Dissecting the pleiotropic effects of established type 2 diabetes and other cardiometabolic trait loci to define pathways and gene networks involved in type 2 diabetes pathogenesis

Background and aims: Recent genome-wide association studies (GWAS) for human complex phenotypes have identified hundreds of genetic variants for cardio-metabolic traits and risk of disease. At many loci or specific variants associations are observed with multiple epidemiologically correlated traits. We formed the Cross-Consortia Pleiotropy Group to investigate the patterns of multi-cardio-metabolic trait associations across the genome.

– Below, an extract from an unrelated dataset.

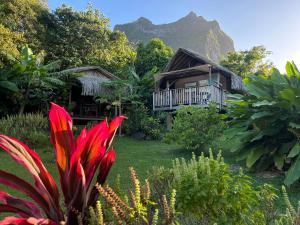 a house with a balcony with a mountain in the background at Landing One Lodge in Bora Bora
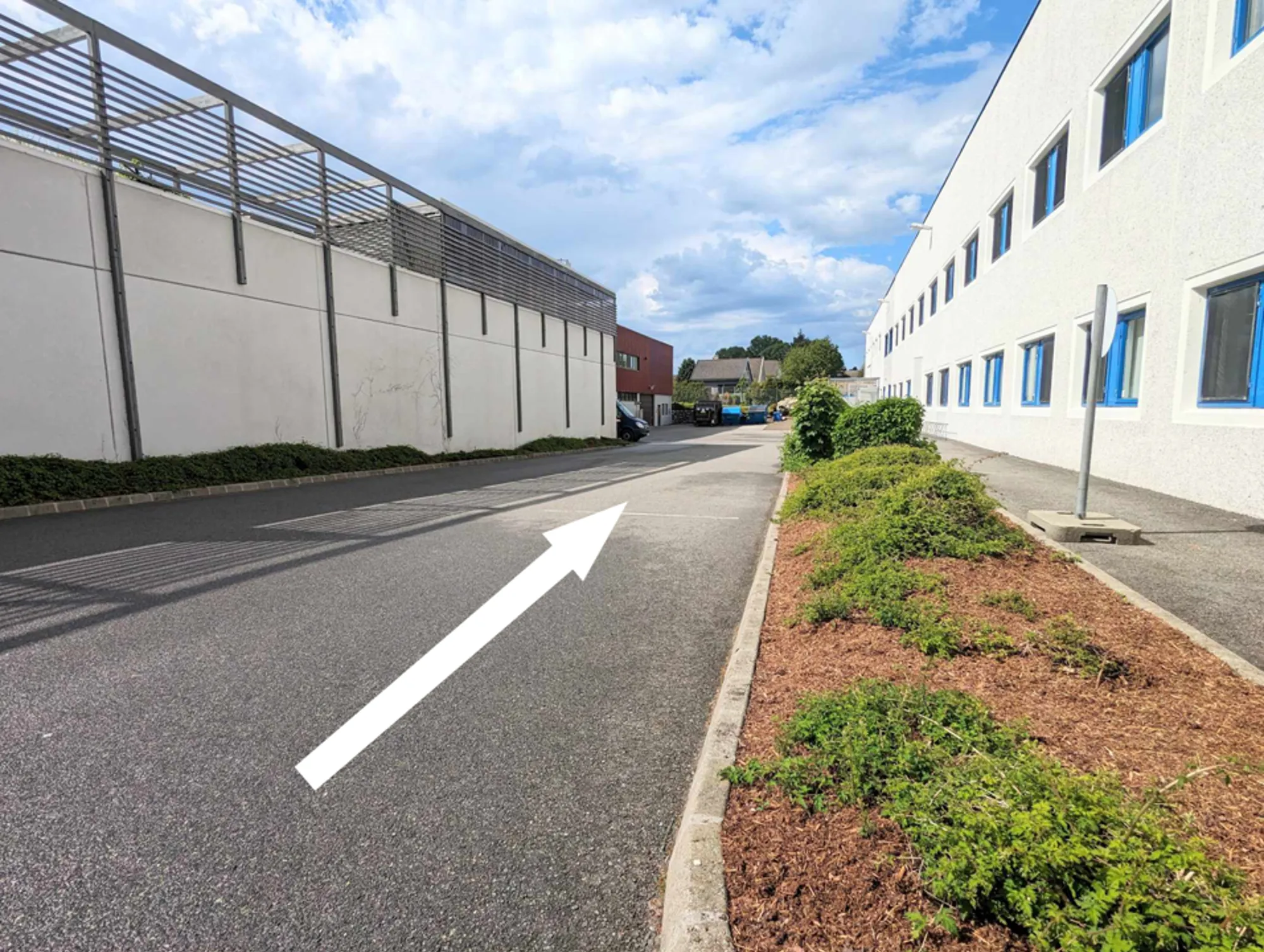 Bilde av parkeringsplass mellom to bygg.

We aimed (a) to examine the associations of cardio-metabolic trait loci with epidemiologically correlated traits by grouping shared patterns of individual trait effects; (b) to define pathway and gene networks involved in the trait variability within the association pattern groups. Materials and methods: We evaluated the genetic effects of 544 independent variants (r2<0.8) from a total of 687 SNPs from published GWAS meta-analyses (thru Sep 2012) of 20 quantitative cardio-metabolic traits, including systolic/diastolic blood pressure, 8 glycaemic, 6 obesity/anthropometric, 4 lipid traits, and 2 diseases (Type 2 Diabetes (T2D), hypertension). We applied a complete hierarchical cluster analysis, which grouped variants according to their impact on the cardio-metabolic traits. We combined these data with annotated pathways, protein-protein interactions and semantic relationships from the published literature using GRAIL and DAPPLE software tools, which estimated the significance of connections between putative genes.